Fiscalité du PEE en Entreprise: Avantages et Inconvénients
Le Plan d'Épargne Entreprise (PEE) est un produit d'épargne collectif qui permet aux salariés d'une entreprise de se constituer un portefeuille de valeurs mobilières. Il offre des opportunités intéressantes d'accumuler une épargne tout en profitant de l'abondement de leur employeur.
Dans cet article, nous vous éclairons sur les différentes options qui s’offrent à vous pour valoriser cette précieuse épargne. Il peut être difficile de savoir quelle stratégie adopter pour optimiser votre épargne.
Mise en Place du PEE
La mise en place d’un PEE est facultative pour les entreprises.

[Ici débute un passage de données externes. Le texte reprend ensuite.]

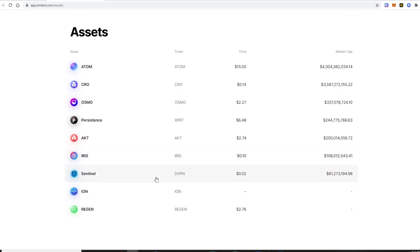They have ATOM, CRO, Osmosis, Persistence, AKT, IRIS, Sentinel, ION, and Regen. I do know that Osmosis is working with ShapeShift and will be implementing it — not sure exactly when, but I heard an interview with the team. As more coins come to Osmosis, they'll pop up here, and perhaps coins not currently on Osmosis will appear here as well. They show you the market cap too — a lot of people on Telegram keep asking about market cap and price, so you can just look it up here.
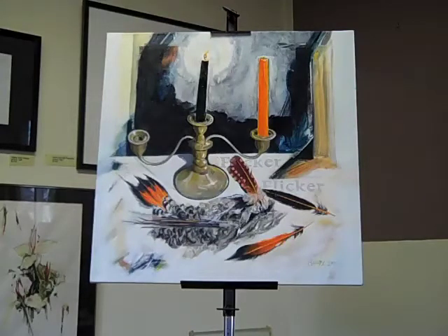The feathers are just beautiful. I don't think there's a bird that lives in our area that has more beautiful feathers than the flicker does.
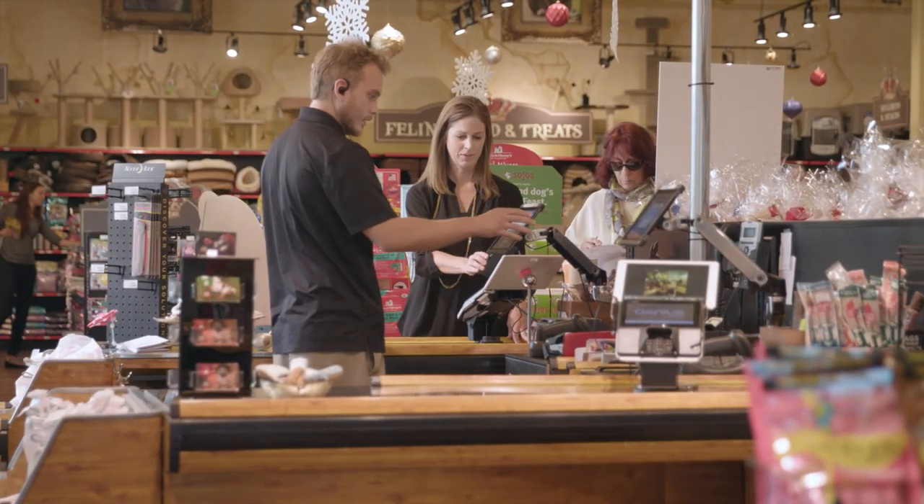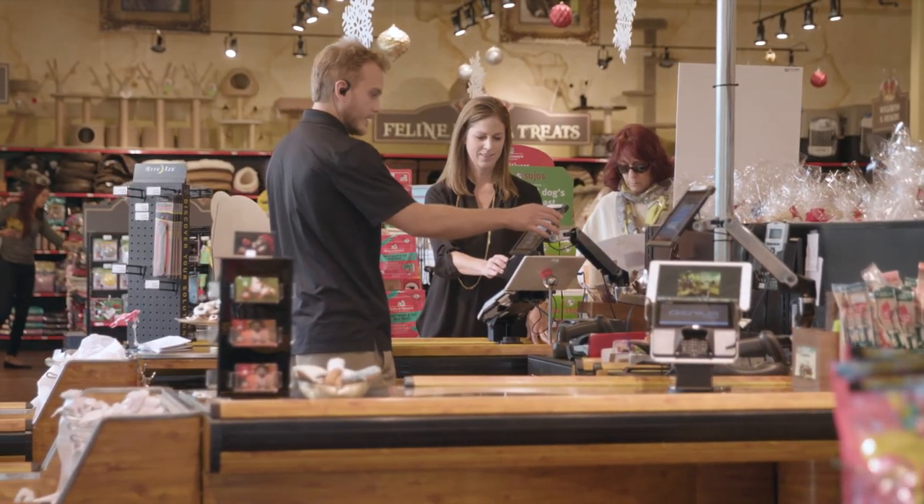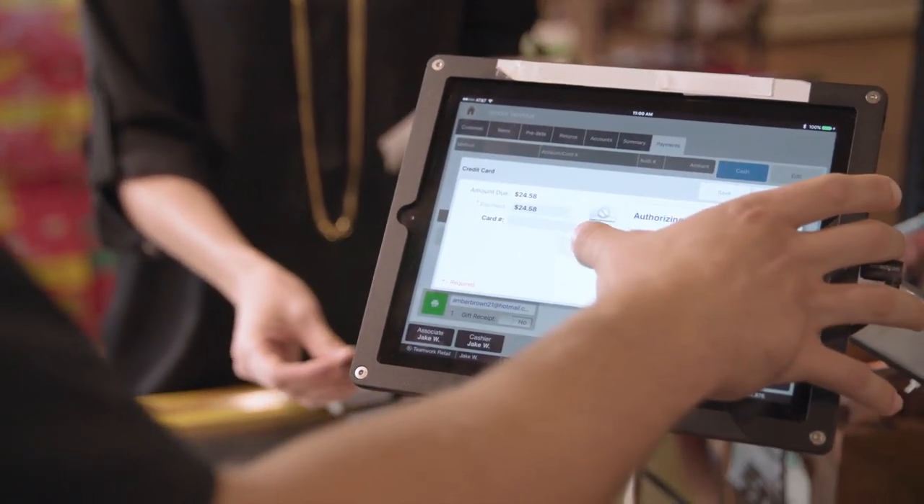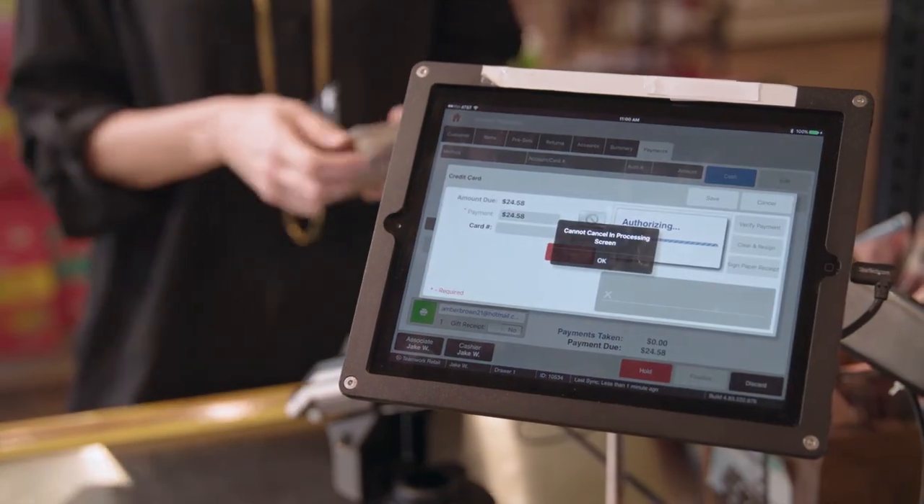I would recommend Teamwork Retail. The apps work very well together, and for a multiple store platform — or even just having one store — being able to have your different business aspects all on the same system really helps. Being able to have your customers' accounts and all their information for each individual customer is very important and can really add a lot to any business.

- Le PEE peut être mis en place au niveau d’une entreprise.
- Le PEE peut également être mis en place au niveau d’un groupe d’entreprises. On parle alors de PEG (plan d’épargne groupe).
- Il peut aussi être instauré dans plusieurs entreprises n’appartenant pas au même groupe. On parle alors de PEI (plan d’épargne interentreprises).
Le PEG et le PEI fonctionnent comme le PEE.
Le PEE peut aussi être mis en place unilatéralement, à l’initiative du chef d’entreprise, si les négociations avec les représentants du personnel ont échoué.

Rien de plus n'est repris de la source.